I have had my little 3.5 month old hedgie for about 2 months, and she is such a sweet girl. She's always been pretty active at night, but last night I woke up to her scratching the side of her cage like crazy (a large clear tub cage) and running figure 8's. She would go under her snuggle sack and run around. 

She then started to climb up onto her bucket wheel using the pvc supports and tried escaping through the open part of the lid where I cut space for her wheel to fit! I took her out of her cage and put her in her playpen thinking she was bored, but she just cuddled under a fleece sack. 

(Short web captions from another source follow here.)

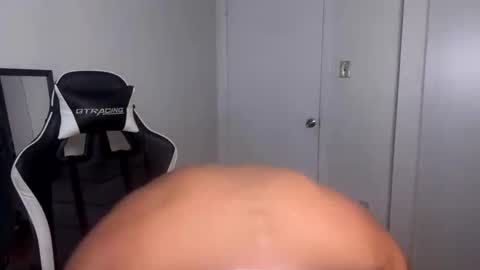 Snapshot of daddyfit95 chatting on 06-07-26, 02:48 daddyfit95 online show from 06-07-26, 02:48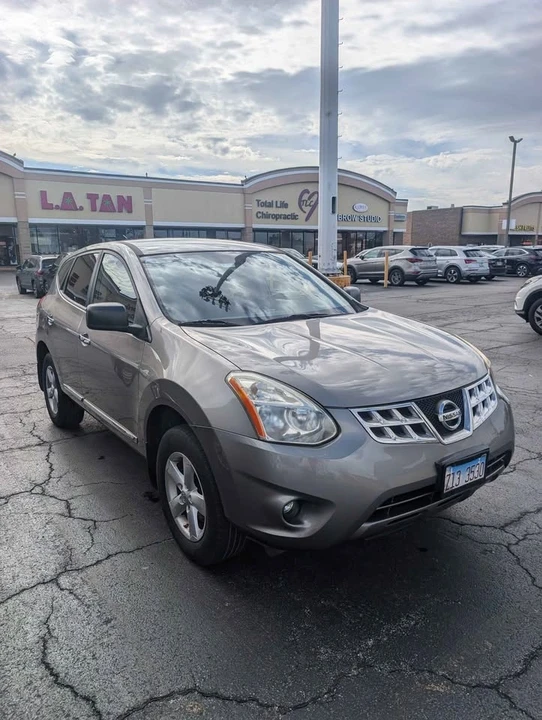 2012 Nissan Rogue - Image 2 of 10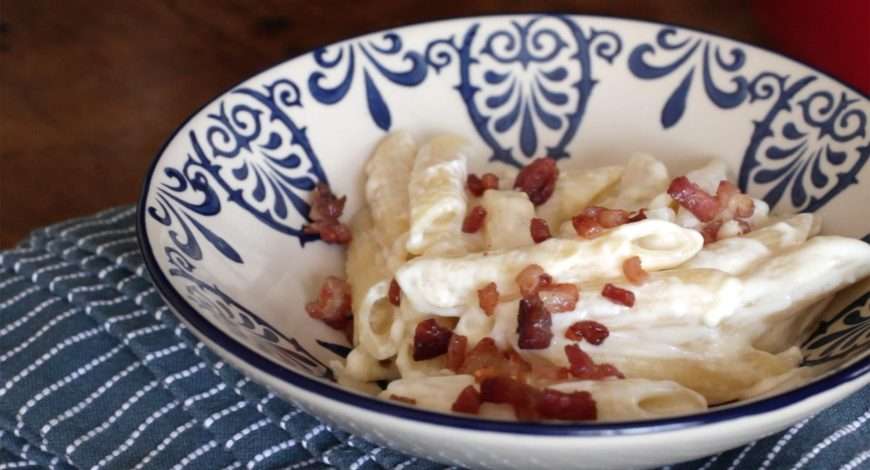 Receita de Macarrão com requeijão e bacon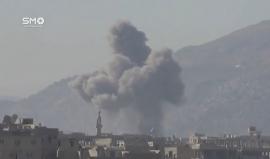 سوريا - دمشق : الطيران الحربي ينفذ غارات جوية عنيفة على حي جوبر الدمشقي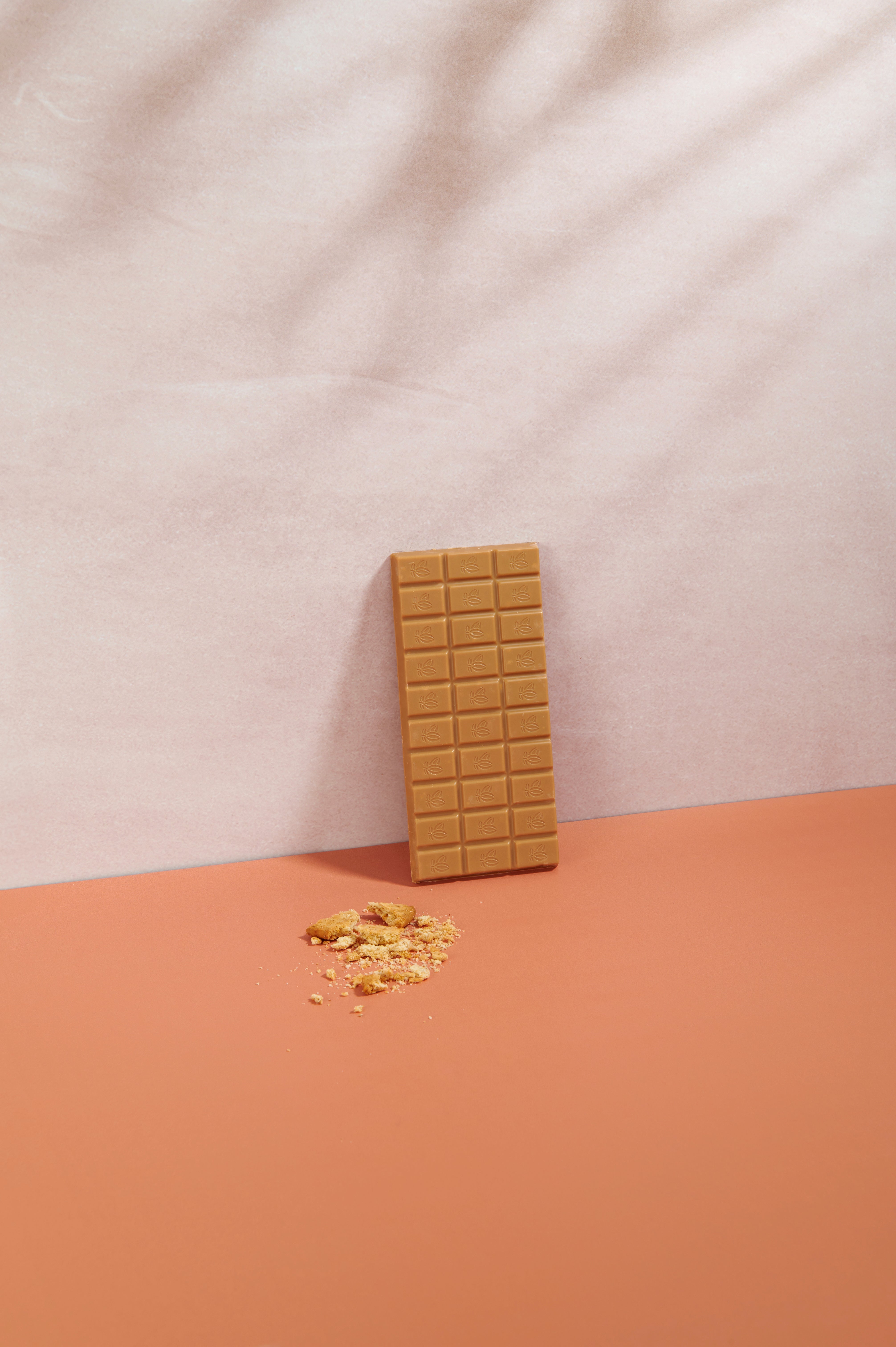 vanini-tasting-experience-tavoletta-cioccolato-al-caramello-con-granella-di-bisc image 4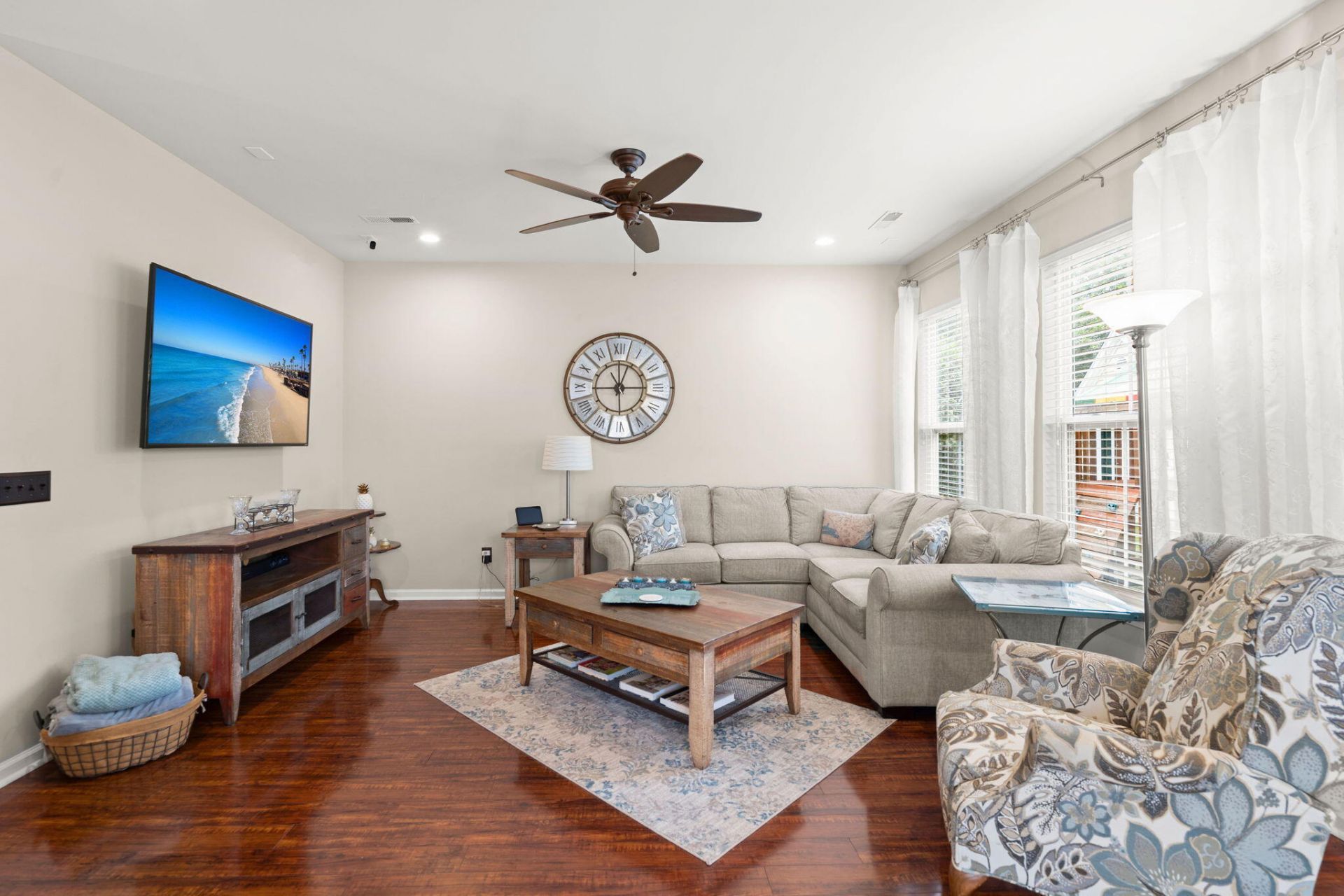 189 Avonshire Drive Photo 14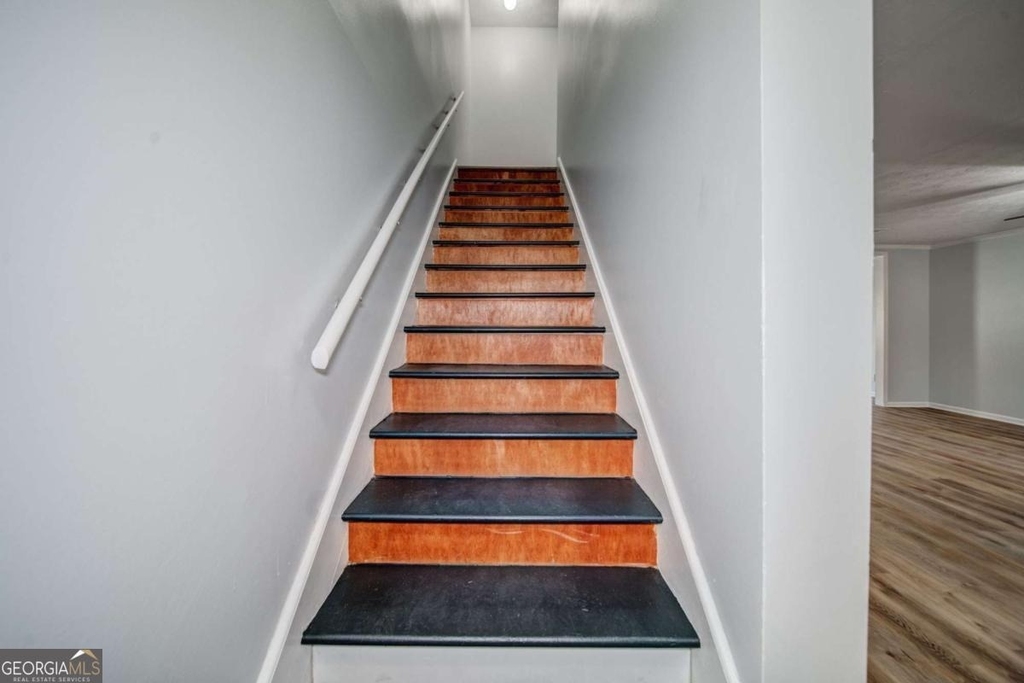 280 Winding River Road - Photo 17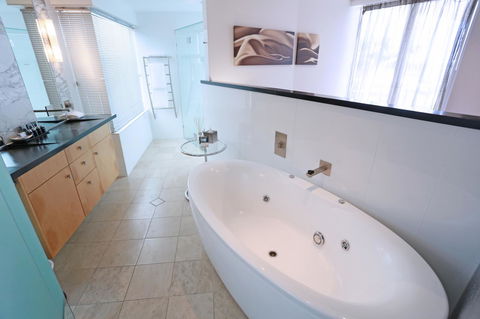 Oceans Mooloolaba - Foster Accommodation 8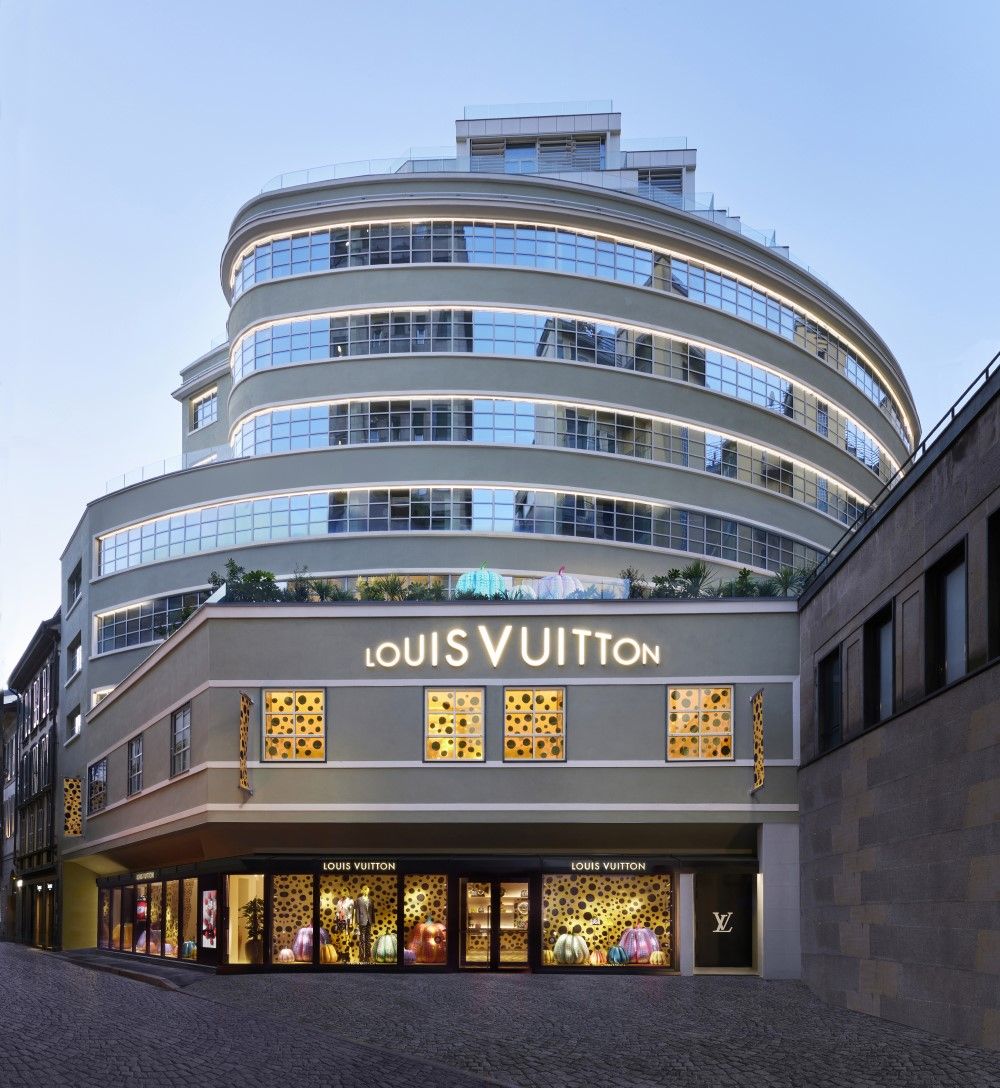 Louis Vuitton e Yayoi Kusama invadono Milano- immagine 2
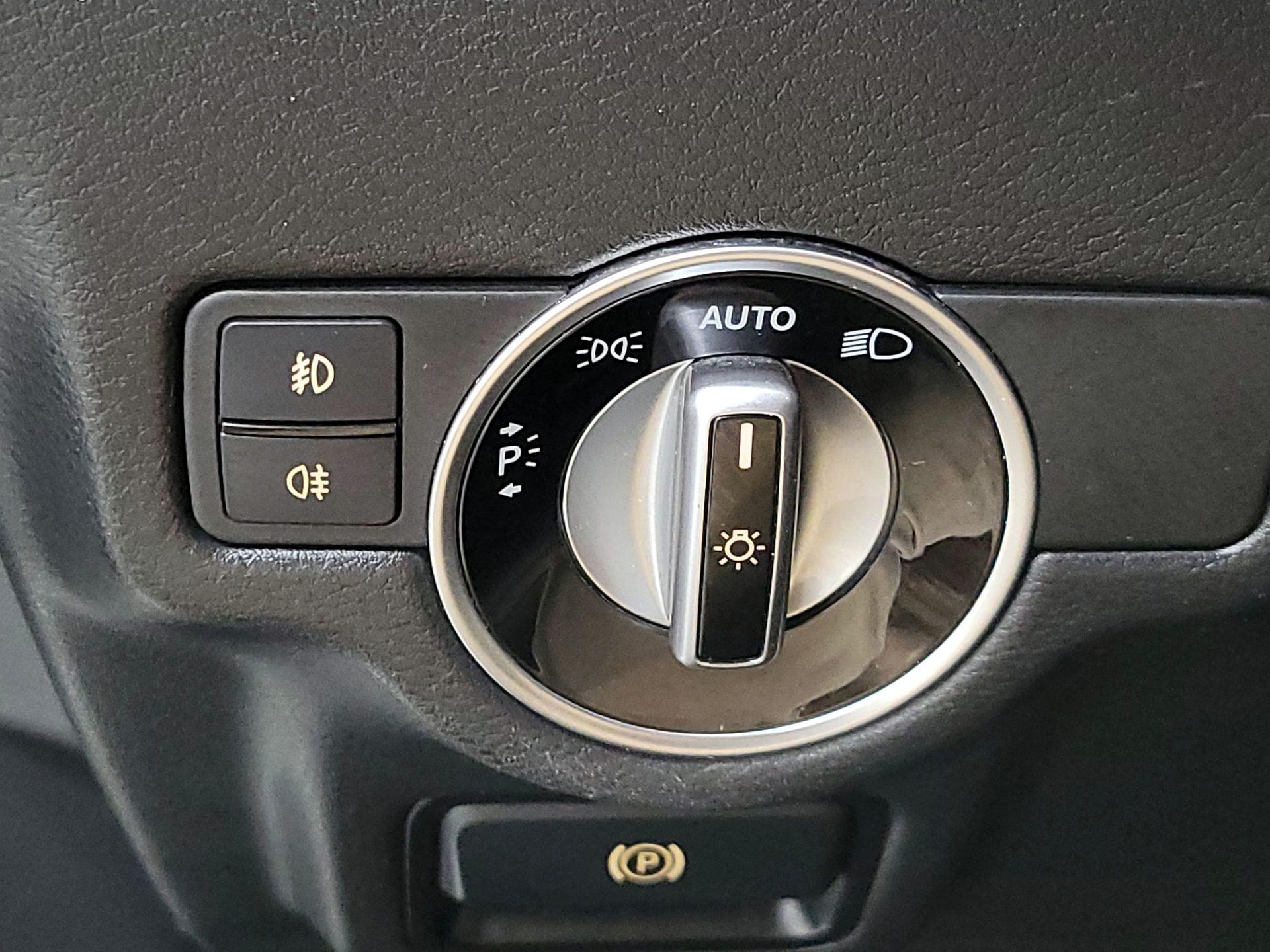 Thumbnail: 2018 INFINITI QX30 - 13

I have never seen her try to escape from her cage! Has anyone had similar experiences with a hedgie doing this or know why? 

Her cage is the right temp and she has plenty of toys and socialization with me.


----------



## Lopi (Apr 11, 2017)

Could there be a strong smell near the cage? Could a pest of some kind gotten in? Was there a loud noise before you went to check on her?

Do you have dogs, cats or other predator type animals like a ferret that may have gotten too close to her cage and spooked her?


----------



## Melanie77 (Jul 31, 2017)

In the midst of me helping her, I did see that I left a small container of coconut oil on a table near her cage. I did wonder if maybe she had been smelling the oil due to her strong sense of smell.


----------